KFC, the erstwhile Kentucky Fried Chicken, has introduced a special meal promotion with a novel pricing twist: It costs 1 cent a calorie.
The 395-calorie Kentucky Grilled Chicken meal comes with a drumstick and thigh, green beans, mashed potatoes, and gravy. For that square meal, customers pay $3.95.
KFC's grilled chicken, by the way, is the same stuff that the 15,000-store chain was pushing when it served up its botched free chicken giveaway earlier this year.
It's funny that major fast food chains have battled local authorities tooth and nail so they don't have to post calorie information in a conspicuous place (a battle lost in New York City last year), but KFC has chosen to launch a promotion that actually depends on getting the number out there.
KFC might also have just stumbled on one of the only ways to get Americans back into shape: connect dollars with calories.
Countless American communities don't have access to affordable fresh foods anymore, and they depend on fast food restaurants (and their mostly empty calories) to feed themselves and their families.
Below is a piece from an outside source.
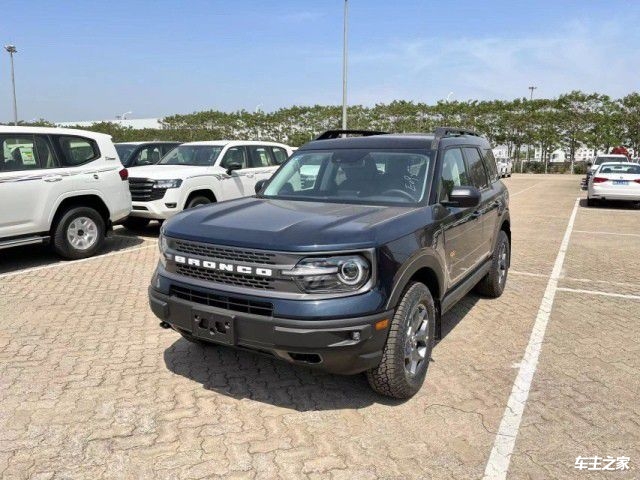 245马力,8速变速箱,4x4牵引,换挡拨片,发动机启停,越野道路校准悬架,7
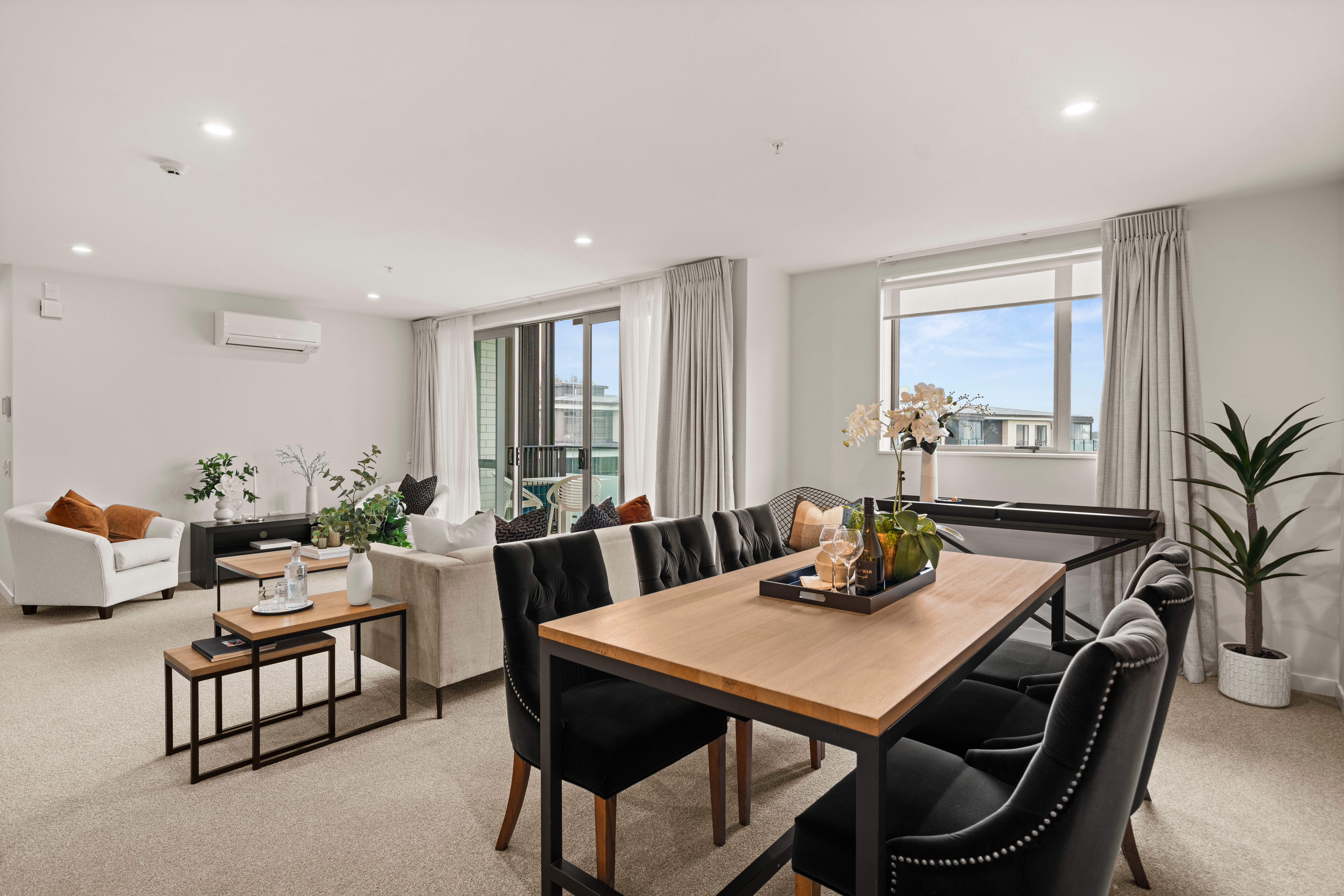 Stylish & Modern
We're paying low-grade prices for food with sky-high junk calorie counts, yet healthy food with low calories can cost more, which scares some people away from eating well.
It'll never happen, but can you imagine the diet transformations that would occur if calories and dollars were connected the way megabytes and dollars are, or the way gas volume and dollars are? People would start paying more attention to what they're putting into their bodies then.
Suddenly, sausage McGriddles at McDonald's would cost $5.60. An original-sized Peanut Butter Moo'd at Jamba Juice would cost $7.70. Red Lobster, on the other hand, would become a relative bargain, and a full Lobster and Shrimp combo would cost $10.20 there.
The real question is whether Americans who are used to fried, calorie-laden food will be sated after spending just $3.95 for a 400-calorie meal?
Keep an eye on the service counters at KFC, and you'll probably see plenty of people taking advantage of the low-cost promotion -- by ordering two.